Adidas and Puma as one
In 1924 in Herzogenaurach in Germany, two brothers, Adolf and Rudolf Dassler started a small shoe business in their mothers laundry. They called their business Gebrüder Dassler Schuhfabrik (Dassler Brothers Shoe Factory). The electricity supply in the town was not reliable and they had to use pedal power at times to keep their infant business operating.
War and conflict
The two brothers joined the NAZI party with Rudolf being slightly closer to the party than his brother. During a bombing raid in 1943 Adolf and his wife entered a bomb shelter that Rudolf and his family were already in. Adolf apparently said “Here are the bloody bastards again,” referring to the allies bombing the town, but Rudolf took it as being directed at him and his family. As the was ended Rudolf was captured by American soldiers and accused of being in the SS, and he was convinced that his brother had turned him in to the allied forces.
Adidas and Puma split
In 1948 the two brothers decided to split their business as the relationship between them had reached breaking point. Rudolf established Puma and Adolf started Adidas.
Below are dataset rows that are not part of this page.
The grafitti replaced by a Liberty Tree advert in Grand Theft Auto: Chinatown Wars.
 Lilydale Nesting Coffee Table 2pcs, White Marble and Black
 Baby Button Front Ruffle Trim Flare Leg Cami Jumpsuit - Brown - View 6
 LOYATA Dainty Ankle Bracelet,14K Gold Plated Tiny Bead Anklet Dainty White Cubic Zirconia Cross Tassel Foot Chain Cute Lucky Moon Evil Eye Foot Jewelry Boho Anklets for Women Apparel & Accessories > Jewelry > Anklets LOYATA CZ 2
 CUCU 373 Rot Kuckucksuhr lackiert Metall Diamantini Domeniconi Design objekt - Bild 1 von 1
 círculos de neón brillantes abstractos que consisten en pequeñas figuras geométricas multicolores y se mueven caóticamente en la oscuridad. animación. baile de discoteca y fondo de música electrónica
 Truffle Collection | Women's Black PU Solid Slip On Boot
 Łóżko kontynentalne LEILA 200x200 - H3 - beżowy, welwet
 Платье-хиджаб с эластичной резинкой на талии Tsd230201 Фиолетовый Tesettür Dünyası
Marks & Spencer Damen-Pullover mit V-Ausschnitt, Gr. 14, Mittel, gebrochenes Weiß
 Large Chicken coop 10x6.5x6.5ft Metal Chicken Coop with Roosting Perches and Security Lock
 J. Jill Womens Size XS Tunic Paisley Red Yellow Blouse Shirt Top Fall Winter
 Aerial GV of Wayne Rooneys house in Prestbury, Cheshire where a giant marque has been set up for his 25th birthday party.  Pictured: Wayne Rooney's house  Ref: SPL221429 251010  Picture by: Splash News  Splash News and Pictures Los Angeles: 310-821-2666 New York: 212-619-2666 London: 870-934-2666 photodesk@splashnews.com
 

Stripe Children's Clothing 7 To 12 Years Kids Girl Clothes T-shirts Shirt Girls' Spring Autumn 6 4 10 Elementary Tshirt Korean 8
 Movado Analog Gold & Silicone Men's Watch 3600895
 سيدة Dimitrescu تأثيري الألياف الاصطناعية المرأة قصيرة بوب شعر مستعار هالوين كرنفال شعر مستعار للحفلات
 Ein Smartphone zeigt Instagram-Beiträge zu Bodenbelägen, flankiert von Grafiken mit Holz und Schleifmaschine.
The two companies remained in the town of Herzogenaurach and entered a bitter rivalry. It even turned the townsfolk on one another with people often looking at strangers feet to see which of the two companies they supported. Herzogenaurach even earned the nick name of “the town of bent necks” due to this local phenomenon.
The bitterness between the brothers would continue to their deaths. both brothers are buried in the same cemetery, as far apart as possible.